Note: If like me you are lazy and you don’t want to type everything, simply copy the text, place your cursor where you want the text to go and in Virtual PC select ‘Edit>Paste‘ and it will ‘type’ everything for you.
<Edit>Have a look at the third post to help you handle updates.
This didn’t work for me. It resized to 800×600 as Ubuntu was loading, even after editing the menu.lst file. Nothing. At all. Any tips?
@John
Thanks! Worked Perfect…!
Thanks again..
Thanks heaps. Worked perfect
Great article.. Every word worked as is !

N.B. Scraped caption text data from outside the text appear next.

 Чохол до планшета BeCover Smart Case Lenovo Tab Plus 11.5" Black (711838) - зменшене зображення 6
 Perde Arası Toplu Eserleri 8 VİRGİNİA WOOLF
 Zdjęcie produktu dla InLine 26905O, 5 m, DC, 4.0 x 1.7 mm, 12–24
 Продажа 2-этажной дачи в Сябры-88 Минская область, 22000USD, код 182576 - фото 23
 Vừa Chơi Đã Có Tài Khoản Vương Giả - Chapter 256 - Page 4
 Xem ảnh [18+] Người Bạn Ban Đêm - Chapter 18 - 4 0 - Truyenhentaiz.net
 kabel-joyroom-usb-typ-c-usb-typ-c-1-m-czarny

Thanks a ton for your help !
I just posted a solution on my blog for getting Ubuntu Server 9.10 to run on Virtual PC in Windows 7:
http://blog.axelfontaine.eu/2009/11/taming-beasts-getting-ubuntu-server-910.html
Credits go to this post for inspiration!
@Axel
Not sure I understand, what solution are you talking about? What I posted here works just fine on Windows 7.
@admin
Actually you’re right! Somehow I must have tried it first with vga=791 which somehow doesn’t boot correctly in the VM and assumed the kernel had to be changed. With vga=771 it indeed does work perfectly.
Thanks for pointing it out and making me look into this issue again!
grub.lst has been removed in Ubuntu 9.x
Pressing escape key has no effect…
@Tarik
I am not sure I understand what you are saying?
What has this got to do with Ubuntu 9.04?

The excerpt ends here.